BACKGROUND: Hemodialysis is associated with numerous symptoms and side effects which, in part, maybe due to sub-clinical hypoxia. However, acute cardio-pulmonary and metabolic physiology during hemodialysis is not well defined. Intra-dialytic and inter-dialytic exercise appear to be beneficial and may alleviate these side effects. To better understand these potential benefits, the acute physiological response to exercise should be evaluated. The aim of this study was to compare and characterise the acute physiological response during hemodialysis, intra-dialytic and inter-dialytic exercise.
METHODS: Cardiopulmonary physiology was evaluated during three conditions; 1) hemodialysis without exercise (HD), 2) intra-dialytic exercise (IDEx), and 3) inter-dialytic exercise (Ex). Exercise consisted of 30 minutes constant load cycle ergometry at 90% VO2AT. Central hemodynamics (via non-invasive bio-reactance) and ventilatory gas exchange were recorded during each experimental condition.
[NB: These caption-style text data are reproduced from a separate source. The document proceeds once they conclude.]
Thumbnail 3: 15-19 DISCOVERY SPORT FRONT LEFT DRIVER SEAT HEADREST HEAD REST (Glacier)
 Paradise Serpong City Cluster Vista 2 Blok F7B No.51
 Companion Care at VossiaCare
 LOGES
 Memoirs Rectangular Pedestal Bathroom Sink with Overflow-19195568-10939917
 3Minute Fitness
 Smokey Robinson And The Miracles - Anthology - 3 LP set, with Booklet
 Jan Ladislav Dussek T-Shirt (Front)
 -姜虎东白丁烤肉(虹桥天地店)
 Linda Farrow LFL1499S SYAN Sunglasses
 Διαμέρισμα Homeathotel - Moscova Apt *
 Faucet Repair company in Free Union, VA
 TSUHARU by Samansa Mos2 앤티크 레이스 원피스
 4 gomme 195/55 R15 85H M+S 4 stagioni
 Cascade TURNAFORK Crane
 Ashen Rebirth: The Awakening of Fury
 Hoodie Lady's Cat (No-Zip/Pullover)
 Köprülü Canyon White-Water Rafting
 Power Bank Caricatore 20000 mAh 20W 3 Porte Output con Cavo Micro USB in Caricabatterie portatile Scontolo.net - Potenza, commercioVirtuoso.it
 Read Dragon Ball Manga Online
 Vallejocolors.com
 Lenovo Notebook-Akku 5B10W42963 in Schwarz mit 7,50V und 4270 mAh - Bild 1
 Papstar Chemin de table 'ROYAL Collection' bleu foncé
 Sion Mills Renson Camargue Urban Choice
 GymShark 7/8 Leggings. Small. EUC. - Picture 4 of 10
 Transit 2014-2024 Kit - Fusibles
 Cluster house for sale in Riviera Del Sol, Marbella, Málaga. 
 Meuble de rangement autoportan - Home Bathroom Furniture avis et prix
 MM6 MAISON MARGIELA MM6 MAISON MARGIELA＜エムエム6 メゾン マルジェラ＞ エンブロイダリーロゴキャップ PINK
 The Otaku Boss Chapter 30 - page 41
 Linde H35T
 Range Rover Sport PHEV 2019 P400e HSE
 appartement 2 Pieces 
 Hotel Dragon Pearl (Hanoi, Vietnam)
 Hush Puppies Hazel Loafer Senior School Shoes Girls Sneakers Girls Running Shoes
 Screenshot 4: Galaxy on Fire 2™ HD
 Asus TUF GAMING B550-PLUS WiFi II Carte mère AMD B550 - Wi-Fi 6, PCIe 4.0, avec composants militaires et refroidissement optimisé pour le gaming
RESULTS: Twenty participants (59 ± 12 yrs, 16/20 male) completed the protocol. Cardiac output (Δ = -0.7 L/min), O2 uptake (Δ = -1.4 ml.kg-1.min-1) and arterial-venous O2 difference (Δ = -2.0 ml/O2/100ml) decreased significantly during HD. Respiratory exchange ratio exceeded 1.0 throughout HD and IDEx. Minute ventilation was lower (p = 0.001) during IDEx (16.5 ± 1.1 L/min) compared to Ex (19.8 ± 1.0 L/min). Arterial-venous O2 difference was partially restored further to IDEx (4.6 ± 1.9 ml/O2/100ml) compared to HD (3.5 ± 1.2 ml/O2/100ml).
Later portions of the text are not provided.